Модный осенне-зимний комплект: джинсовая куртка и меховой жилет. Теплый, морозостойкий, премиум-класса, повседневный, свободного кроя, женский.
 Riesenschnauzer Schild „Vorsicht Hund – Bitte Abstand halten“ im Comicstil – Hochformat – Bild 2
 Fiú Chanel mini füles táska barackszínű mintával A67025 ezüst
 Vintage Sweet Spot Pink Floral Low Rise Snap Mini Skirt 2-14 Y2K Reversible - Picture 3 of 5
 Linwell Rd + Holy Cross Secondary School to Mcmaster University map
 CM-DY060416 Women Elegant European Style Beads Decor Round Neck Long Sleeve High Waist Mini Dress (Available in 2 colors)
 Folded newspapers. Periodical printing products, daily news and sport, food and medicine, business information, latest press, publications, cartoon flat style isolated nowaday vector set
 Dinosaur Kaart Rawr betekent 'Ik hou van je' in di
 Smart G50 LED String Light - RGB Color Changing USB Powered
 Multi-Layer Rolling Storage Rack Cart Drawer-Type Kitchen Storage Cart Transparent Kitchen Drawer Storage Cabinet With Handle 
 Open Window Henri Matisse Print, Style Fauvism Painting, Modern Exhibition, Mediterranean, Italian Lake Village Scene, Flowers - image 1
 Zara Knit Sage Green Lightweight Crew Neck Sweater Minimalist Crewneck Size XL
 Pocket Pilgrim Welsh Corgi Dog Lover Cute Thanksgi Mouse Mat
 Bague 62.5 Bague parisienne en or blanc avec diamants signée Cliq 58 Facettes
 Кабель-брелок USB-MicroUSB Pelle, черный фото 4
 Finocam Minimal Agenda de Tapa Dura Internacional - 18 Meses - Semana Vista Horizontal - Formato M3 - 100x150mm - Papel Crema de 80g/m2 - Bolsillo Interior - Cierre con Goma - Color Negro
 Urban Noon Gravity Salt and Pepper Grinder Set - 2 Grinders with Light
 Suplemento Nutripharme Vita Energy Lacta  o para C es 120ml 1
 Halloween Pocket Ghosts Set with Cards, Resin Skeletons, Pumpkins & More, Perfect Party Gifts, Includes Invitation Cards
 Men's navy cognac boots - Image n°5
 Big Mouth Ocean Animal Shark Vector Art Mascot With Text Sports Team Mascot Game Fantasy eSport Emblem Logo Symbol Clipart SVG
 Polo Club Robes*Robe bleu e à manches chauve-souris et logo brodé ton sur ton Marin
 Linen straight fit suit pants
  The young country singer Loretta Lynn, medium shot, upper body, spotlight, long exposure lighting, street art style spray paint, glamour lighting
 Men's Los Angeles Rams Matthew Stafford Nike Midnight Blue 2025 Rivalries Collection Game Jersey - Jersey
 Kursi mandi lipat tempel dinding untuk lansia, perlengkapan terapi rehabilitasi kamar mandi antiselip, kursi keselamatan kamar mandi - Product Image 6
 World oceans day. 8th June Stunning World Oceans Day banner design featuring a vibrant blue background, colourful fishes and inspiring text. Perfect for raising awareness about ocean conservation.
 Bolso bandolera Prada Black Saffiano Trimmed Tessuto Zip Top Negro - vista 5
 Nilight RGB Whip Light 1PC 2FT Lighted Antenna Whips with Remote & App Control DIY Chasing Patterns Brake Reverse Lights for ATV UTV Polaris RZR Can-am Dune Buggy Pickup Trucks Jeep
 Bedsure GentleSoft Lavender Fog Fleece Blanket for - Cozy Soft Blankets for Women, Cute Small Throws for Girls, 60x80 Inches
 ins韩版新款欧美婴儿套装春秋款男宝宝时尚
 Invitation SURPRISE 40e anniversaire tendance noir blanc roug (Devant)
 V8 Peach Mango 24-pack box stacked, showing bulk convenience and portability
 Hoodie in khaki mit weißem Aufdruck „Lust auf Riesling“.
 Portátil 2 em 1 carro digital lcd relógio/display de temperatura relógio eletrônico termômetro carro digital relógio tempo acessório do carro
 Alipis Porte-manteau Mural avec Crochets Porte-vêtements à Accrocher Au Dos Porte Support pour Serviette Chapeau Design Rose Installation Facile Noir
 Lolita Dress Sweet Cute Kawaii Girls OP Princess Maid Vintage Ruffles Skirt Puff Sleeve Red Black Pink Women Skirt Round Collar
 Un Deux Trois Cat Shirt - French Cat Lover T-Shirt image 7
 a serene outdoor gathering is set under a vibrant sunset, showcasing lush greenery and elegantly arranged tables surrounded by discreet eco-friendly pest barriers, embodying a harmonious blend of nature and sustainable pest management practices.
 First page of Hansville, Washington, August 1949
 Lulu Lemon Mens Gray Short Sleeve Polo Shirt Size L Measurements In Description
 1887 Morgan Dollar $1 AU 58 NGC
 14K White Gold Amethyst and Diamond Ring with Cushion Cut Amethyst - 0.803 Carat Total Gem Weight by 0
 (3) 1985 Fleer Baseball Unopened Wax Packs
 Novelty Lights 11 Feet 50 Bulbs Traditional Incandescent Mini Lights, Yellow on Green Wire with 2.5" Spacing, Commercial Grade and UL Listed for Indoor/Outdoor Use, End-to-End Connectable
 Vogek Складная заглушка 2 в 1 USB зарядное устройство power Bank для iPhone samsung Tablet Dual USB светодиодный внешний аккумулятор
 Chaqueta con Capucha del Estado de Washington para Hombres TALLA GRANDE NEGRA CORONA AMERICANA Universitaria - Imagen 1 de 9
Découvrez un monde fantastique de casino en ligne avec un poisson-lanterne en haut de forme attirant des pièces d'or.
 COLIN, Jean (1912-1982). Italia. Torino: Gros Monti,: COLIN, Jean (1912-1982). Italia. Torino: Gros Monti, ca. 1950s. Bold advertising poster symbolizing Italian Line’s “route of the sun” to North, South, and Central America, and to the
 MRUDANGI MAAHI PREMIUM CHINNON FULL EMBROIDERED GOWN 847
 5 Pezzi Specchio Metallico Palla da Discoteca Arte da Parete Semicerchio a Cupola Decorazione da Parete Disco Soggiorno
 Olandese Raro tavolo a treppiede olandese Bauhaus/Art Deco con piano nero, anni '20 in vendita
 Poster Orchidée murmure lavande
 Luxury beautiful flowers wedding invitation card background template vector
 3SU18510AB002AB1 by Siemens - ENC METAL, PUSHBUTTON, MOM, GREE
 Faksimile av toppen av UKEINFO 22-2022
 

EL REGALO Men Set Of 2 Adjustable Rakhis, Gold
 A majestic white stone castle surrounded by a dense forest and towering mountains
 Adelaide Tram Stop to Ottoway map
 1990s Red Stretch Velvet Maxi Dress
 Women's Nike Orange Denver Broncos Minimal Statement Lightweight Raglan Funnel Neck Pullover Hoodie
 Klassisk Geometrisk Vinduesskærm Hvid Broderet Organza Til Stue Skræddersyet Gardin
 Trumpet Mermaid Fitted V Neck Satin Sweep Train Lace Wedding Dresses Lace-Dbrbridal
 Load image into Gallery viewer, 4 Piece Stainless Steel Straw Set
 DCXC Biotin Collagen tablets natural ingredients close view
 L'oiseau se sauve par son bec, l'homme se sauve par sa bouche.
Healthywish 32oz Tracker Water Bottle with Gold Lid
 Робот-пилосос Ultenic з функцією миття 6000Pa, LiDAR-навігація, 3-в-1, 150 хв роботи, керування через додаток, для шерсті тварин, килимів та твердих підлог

........

**TO DO:** Show every line in the records above that contains the word "Girls".

**SOLUTION TO THE EXERCISE:**
 Bedsure GentleSoft Lavender Fog Fleece Blanket for - Cozy Soft Blankets for Women, Cute Small Throws for Girls, 60x80 Inches
 Lolita Dress Sweet Cute Kawaii Girls OP Princess Maid Vintage Ruffles Skirt Puff Sleeve Red Black Pink Women Skirt Round Collar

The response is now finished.